NHL Fact or Fiction: Whose hot start will prove sustainable?

James Neal scores four goals to get the Oilers a 5-2 win over the Islanders.

Every October we’re treated to surprise players getting off to hot starts. Some of them carry it through to give us great seasons or even career years, and some got lucky and see that stellar early production end suddenly as they fall precipitously down the NHL’s leaderboards.

So for the players off to great starts, are they serving up fact or fiction? In order to find out, we can look at the details of what they’re producing and see if there’s a recipe for long-term success somewhere in there, even if the extreme high scoring in the first couple weeks of the season can’t truly be sustained.

Let’s examine a few cases.

Anthony Mantha

After 25 goals in only 67 games last season, Mantha is picking up right where he left off with six goals in his first four games, adding two assists for two points per game.
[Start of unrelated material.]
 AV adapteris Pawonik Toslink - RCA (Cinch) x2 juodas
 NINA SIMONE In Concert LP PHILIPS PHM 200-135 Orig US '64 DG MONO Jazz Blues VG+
Mantha has always been a dangerous shooter, but has struggled to become a household name due to lack of opportunity.

So is this a mirage or is Mantha taking the bull by the horns now that he’s playing nearly 20 minutes per night?

Mantha has been knocking at the door for a long time now, what kept the Detroit Red Wings from letting him open it is anyone’s guess. We can talk about the lower levels of competition he faced or optimal deployment, but the fact is he’s been one of the Red Wings’ best players for years.

This season you can see quite clearly that he’s getting to the right places, producing far more than team or league average, and getting it done off the rush at a high rate despite the Red Wings not being a great rush team.

Mantha ranks eighth in the NHL in scoring chances per minute at 5-vs-5 this season, and his excellent numbers at 5-vs-5 might even hold out to a large extent, since half his production so far has been on the powerplay.

I have my doubts that he can be a point per game player, but can he get close? I wouldn’t be surprised, especially if he continues to play with Larkin.

This exact level of production is impossible to sustain, but there’s all sorts of breakout potential here, so let’s say it’s fact.

Matt Duchene

The Nashville Predators’ marquee acquisition in the off-season hasn’t disappointed so far, leading the team in points on the strength of seven assists in just four games, six of which have come at even strength.

We already know that Duchene is a very good offensive player, and he had one of the best seasons of his career last season, so a repeat wouldn’t be that surprising. But he’s more of a goal scorer than a playmaker, so is he flexing his playmaking muscles in a new situation or just getting lucky?

As it turns out, at 5-vs-5 Duchene is completing 3.88 passes to the slot per 20 minutes, the highest mark in the league, just ahead of Sidney Crosby.

He’s also 11th in scoring chances created for his teammates, so it’s not just one type of play that he’s excelling in. He won’t keep on getting nearly two assists every game, but his play has been great, so this one is a fact.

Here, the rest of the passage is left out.